※日経エンタテインメント! 2021年12月号の記事を再構成
フォロワー数で見たら、タレント・著名人にはおよばないが、テレビ番組でSNSを活用するケースは広がっている。視聴率だけで番組人気を判断するのが難しくなっている今、新たな指標になる可能性も。現状を明らかにするとともに、No.1成功例を紹介する。
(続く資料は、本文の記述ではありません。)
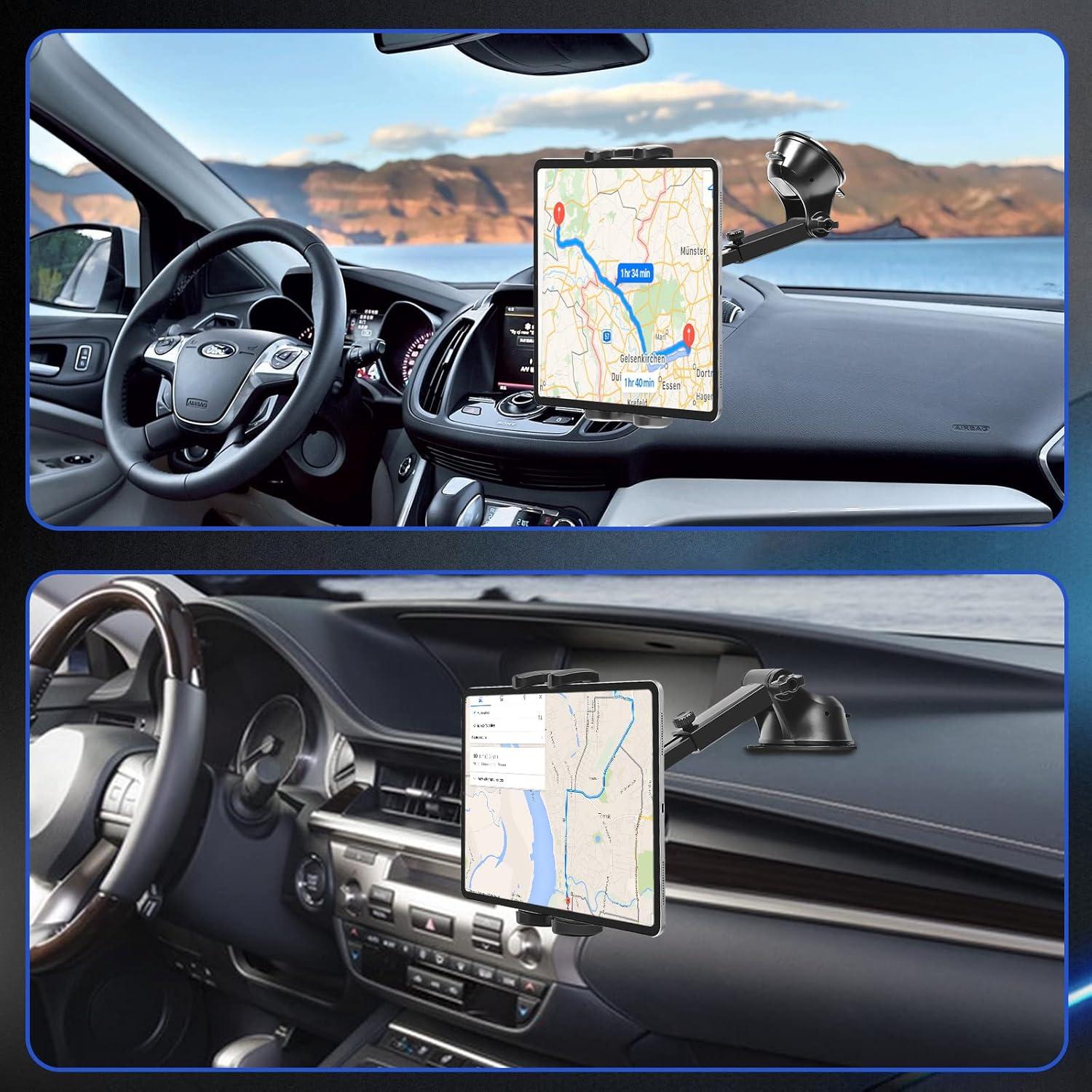 Soporte para Tablet Kolasels 3 en 1 para Coche - Compatible con iPad y Smartphones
著名人のコミュニケーションメディアとして欠かせないSNSだが、テレビ番組も“公式”として、以前から積極的に使用してきてはいる。近年のフォロワー数が特に良かった番組をInstagramで挙げると、『今日から俺は!!』(18年)が66万3000人、『あなたの番です』(19年)が66万4000人など。『恋はつづくよどこまでも』(20年)は108万人にまで達した。
作品のヒットにより、ドラマでの成功例はあったが、それほど目立つことがなかったのが、レギュラーで放送されているバラエティ。出演者のファンは一定数フォローするとして、毎週のオンエアで生活になじんでいるからか、特別な盛り上がりはなかった。
そんななか、にわかに注目されたのが『家事ヤロウ!!!』(テレ朝系)だ。19年9月にInstagramを開設し、20年6月にはフォロワーが80万人を突破。2カ月後の8月には、それまで日本一だった『恋つづ』の108万人を超え、テレビ番組として日本一となった。その後もフォロワー数を伸ばし、現在は227万人超と、独走状態が続いている。
では、他のバラエティのSNSの現状の人気はどうなのか。InstagramとTwitterのフォロワー数を調べたのが下の表だ。Instagramから見ていくと、2位の『I LOVE みんなのどうぶつ園』(日テレ系)が22万281人、3位の『あざとくて何が悪いの?』(テレ朝系)が20万7949人で、いかに『家事ヤロウ!!!』が突出しているかが分かる。ただ、10位以下になるとフォロワー数は10万人以下になるため、ここに挙がってきている番組はうまく使えている例だろう。
ロケ先などの楽しい1コマ
基本、番組告知はベースにあるとして、使い方には個性が出ている。『みんなのどうぶつ園』は、かわいくて癒やされる動物の写真や動画を、『あざとくて~』は、注目の若手俳優を起用した、あざとい振る舞いをふんだんに入れたミニドラマ“あざと連ドラ”のキャラクター紹介をするなど、番組内容からもビジュアルで引きつける要素が多く、Instagramと相性が良い。4位の『東野・岡村の旅猿』や5位の『世界の果てまでイッテQ!』(共に日テレ系)、9位の『出川哲朗の充電させてもらえませんか?』(テレ東系)は、ロケ先での旅の1コマが楽しい。『1億3000万人のSHOWチャンネル』(日テレ系)はコメント数が多いのが特徴。『家事ヤロウ!!!』にも通じるが、7位の『パパジャニWEST』(TBS系)や10位の『満点☆星空レストラン』(日テレ系)は、料理レシピを積極的に公開している。8位の『突然ですが占ってもいいですか?』(フジ系)は、プレゼントで開運の待ち受け画面をアップすることも。
Twitterのランキングでは、Instagramでも6位に入っている『SHOWチャンネル』が53万1150人で1位。1万以上の「いいね」が平均して付いており、番組の強さがうかがえる。約34万人で2位の『水曜日のダウンタウン』(TBS系)や、28万人で4位の『アメトーーク!』(テレ朝系)は純粋な告知だが、爆発的に話題になる回が定期的にあり、お笑い好きはフォローしておきたい番組。3位には約33万人で『櫻井・有吉THE夜会』(TBS系)が入った。他のジャニーズ勢では、Instagramで2位の『みんなのどうぶつ園』が5位。関ジャニ∞の番組は6位と8位に入った。なお、『関ジャム完全燃SHOW』(テレ朝系)はバラエティと見なしたが、アーティスト本人による拡散という意味で有利な音楽番組は対象外とした。ちなみに、『ミュージックステーション』(テレ朝系)はフォロワー数143万人を超えている。7位の『バナナマンのせっかくグルメ!!』(TBS系)は、紹介した店の情報などを補完。9位の『有吉の壁』(日テレ系)と10位の『有吉ぃぃeeeee!』(テレ東系)は、YouTubeも展開している。『有吉の壁』(YouTubeフォロワー約37万人)は未公開ネタや、ロケバスで移動中のトークを公開し、『有吉ぃぃeeeee!』(同約29万人)ではゲームをノーカットで届けており、ツイッターから積極的に誘導している。